▶ [Problem to solve] Copy out the entries exactly, and wherever a picture appears, leave it out.

▶ [Supplied entries]
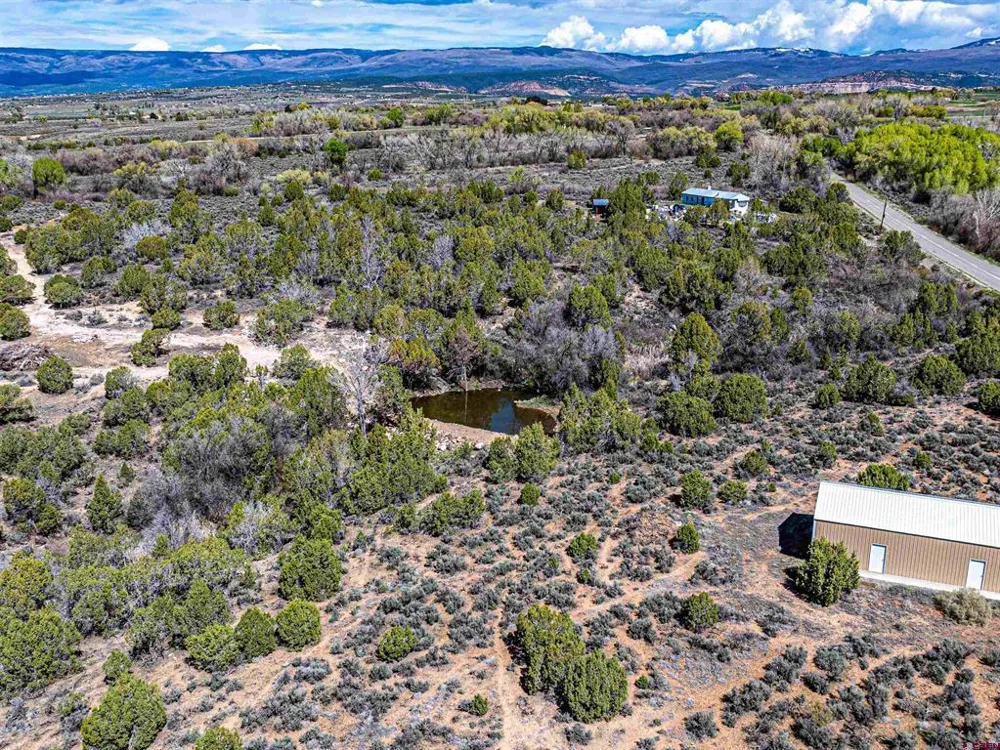 3 Rimrock Road Hotchkiss, CO 81419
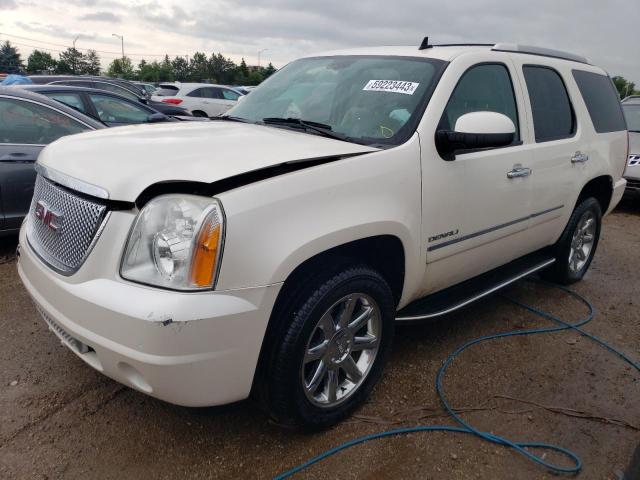 GMC YUKON 2013 1gks2eef8dr154751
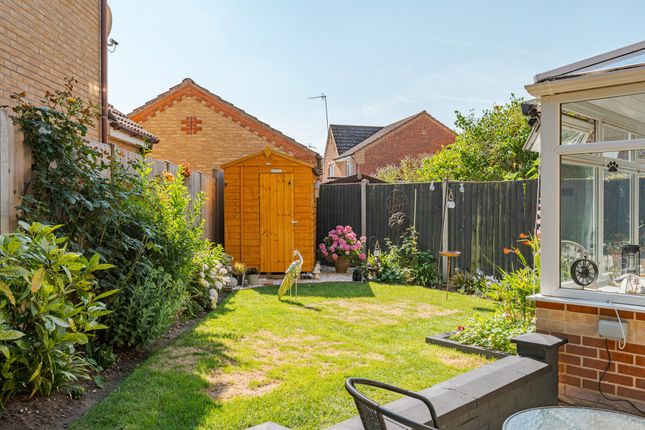 19 Heartsease Road, Thetford photo 2
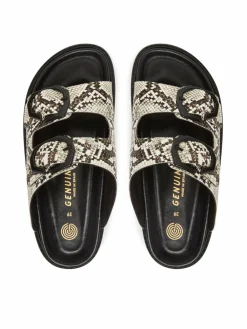 Ciabatte Galia Vegan G106281 Beige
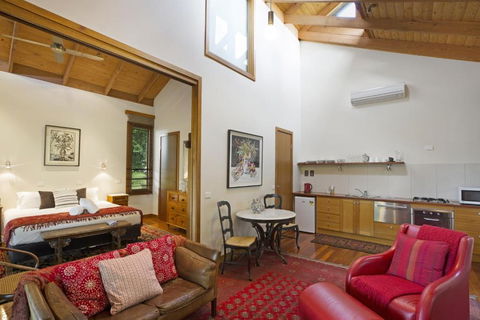 Kates Place Daylesford - Tourism Brisbane 6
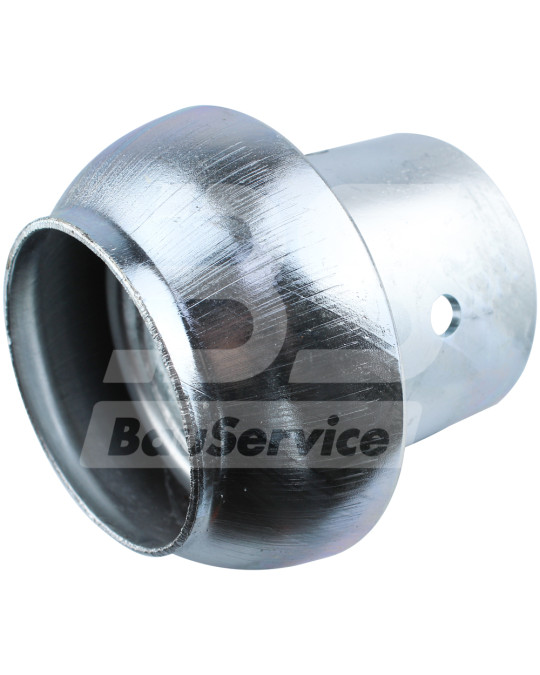 Соединение VT-65 KKV89 PERROT наружний монтаж Putzmeister Original фото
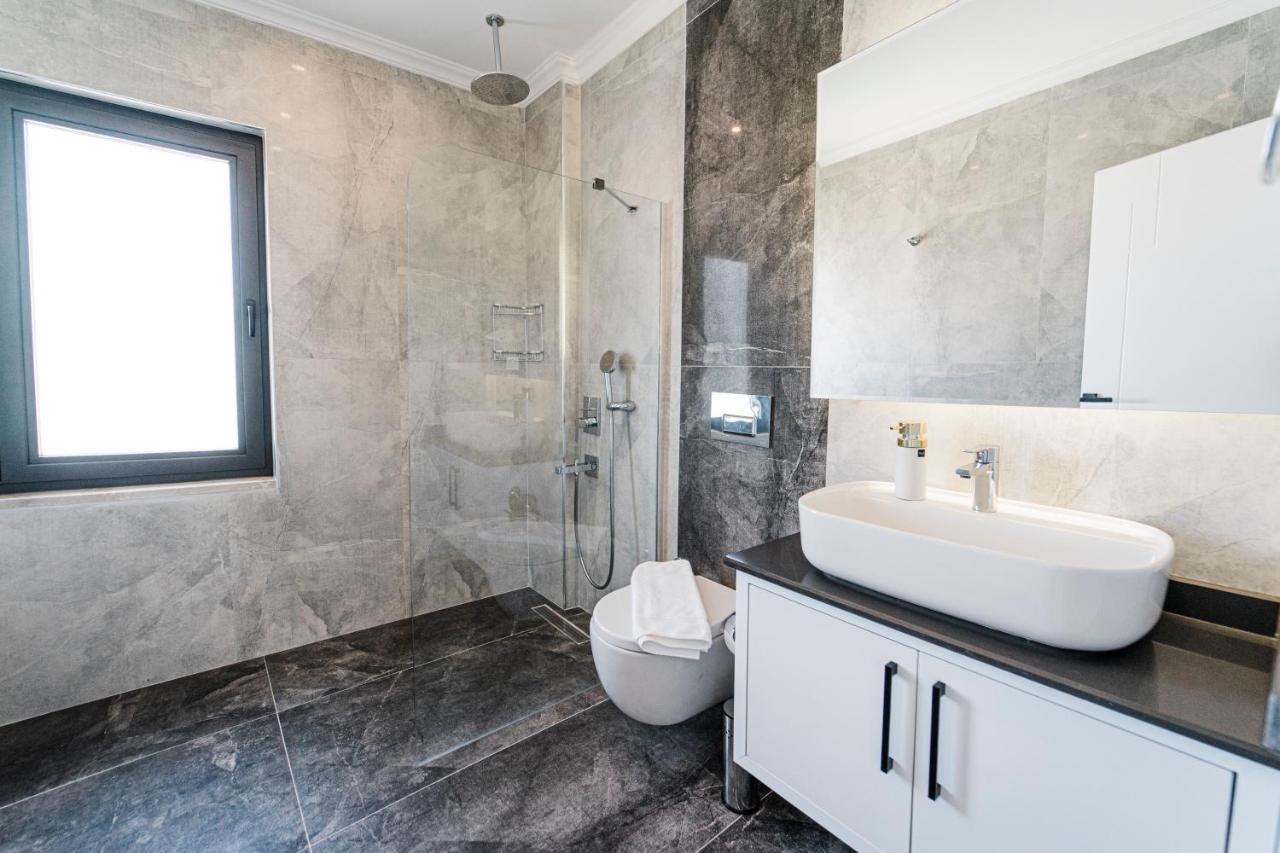 Villa Alva Donna Exclusive - Patara Kas Exterior foto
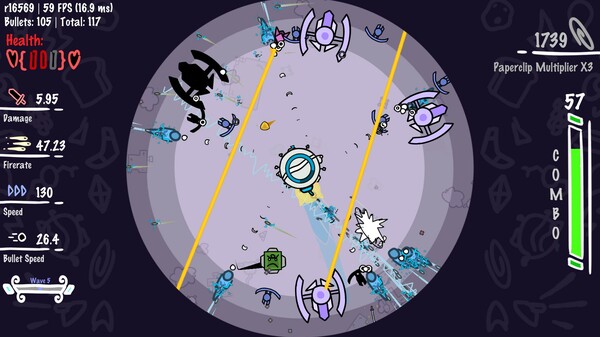 纸质星球 Paper Planet|官方中文|Build.15621175|解压即撸|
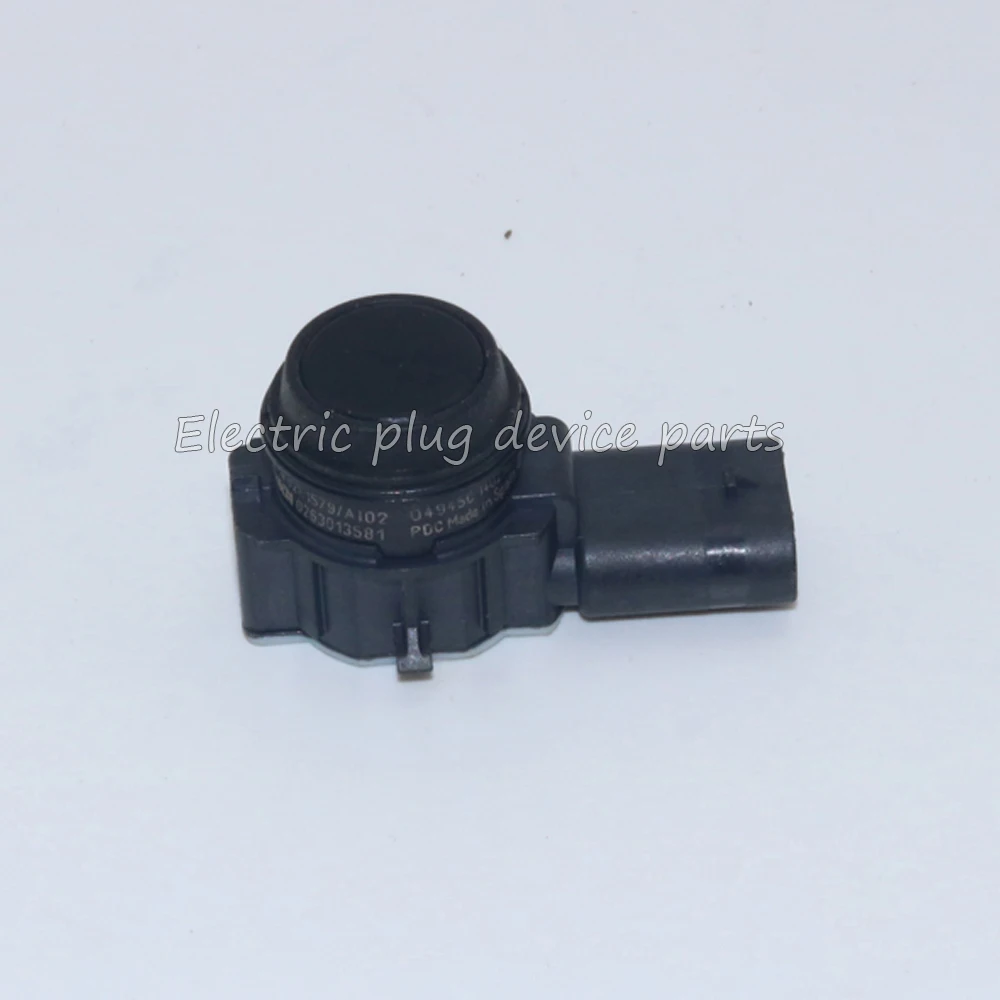 Датчик парковки OEM 9261579 66209261579 9261585 PDC для BMW 1 2 3 4 серии 9261582 9261581 9261585 9261587 9261588 9261591
Датчик парковки OEM 9261579 66209261579 9261585 PDC для BMW 1 2 3 4 серии 9261582 9261581 9261585 9261587 9261588 9261591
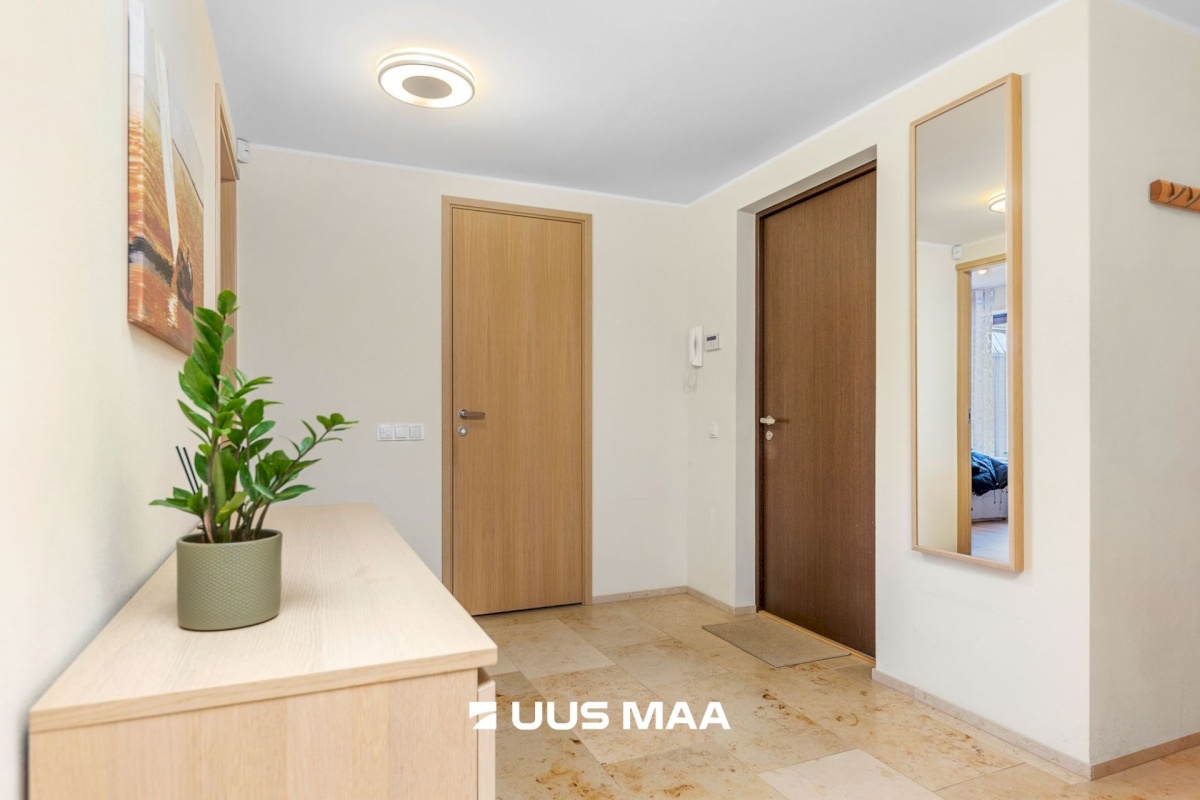 Tallinn, Nõmme linnaosa, Hiiu, Hiiu-Suurtüki 4/4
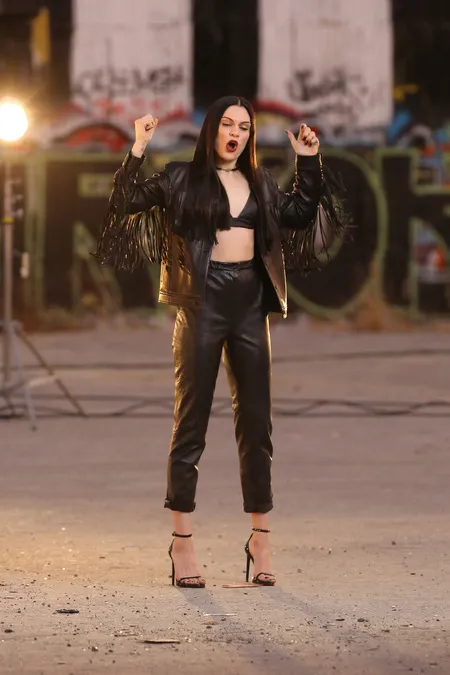 Foto Jessie J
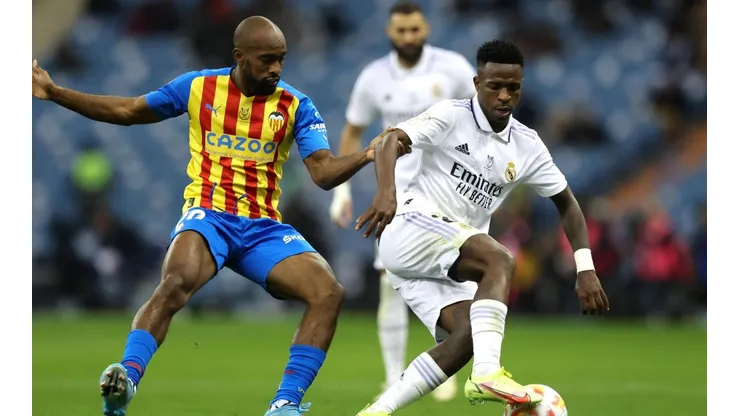 Madrid y Valencia se medirán
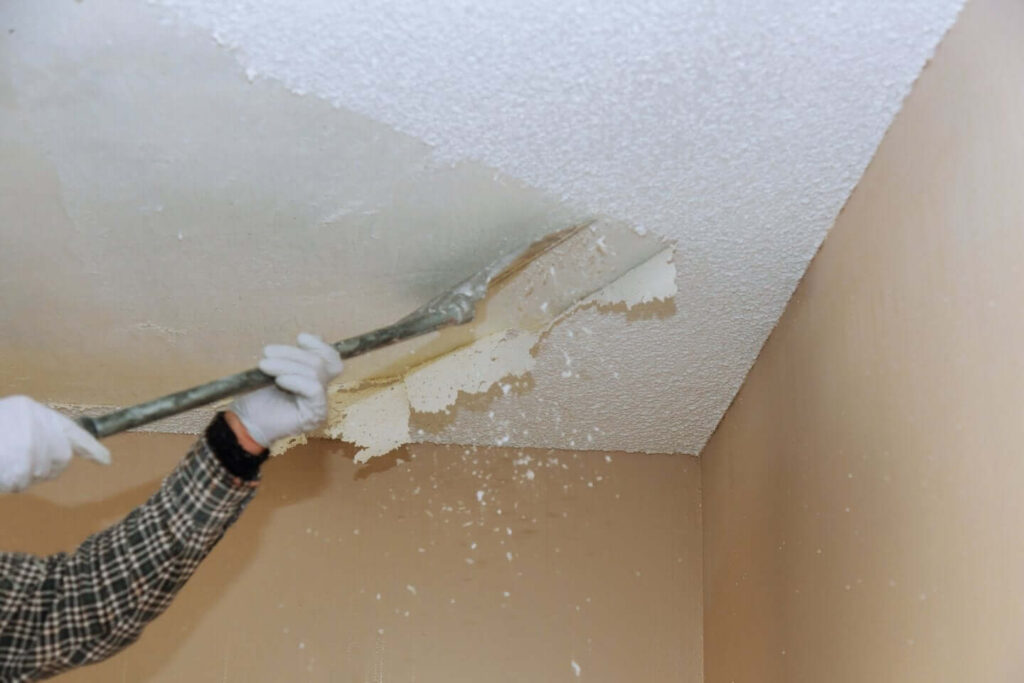 Popcorn Removal, Palm Beach Home and Remodeling Contractors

▶ [Exercise solution]
 3 Rimrock Road Hotchkiss, CO 81419
 GMC YUKON 2013 1gks2eef8dr154751
 19 Heartsease Road, Thetford photo 2
 Ciabatte Galia Vegan G106281 Beige
 Kates Place Daylesford - Tourism Brisbane 6
 Соединение VT-65 KKV89 PERROT наружний монтаж Putzmeister Original фото
 Villa Alva Donna Exclusive - Patara Kas Exterior foto
 纸质星球 Paper Planet|官方中文|Build.15621175|解压即撸|
 Датчик парковки OEM 9261579 66209261579 9261585 PDC для BMW 1 2 3 4 серии 9261582 9261581 9261585 9261587 9261588 9261591
Датчик парковки OEM 9261579 66209261579 9261585 PDC для BMW 1 2 3 4 серии 9261582 9261581 9261585 9261587 9261588 9261591
 Tallinn, Nõmme linnaosa, Hiiu, Hiiu-Suurtüki 4/4
 Foto Jessie J
 Madrid y Valencia se medirán
 Popcorn Removal, Palm Beach Home and Remodeling Contractors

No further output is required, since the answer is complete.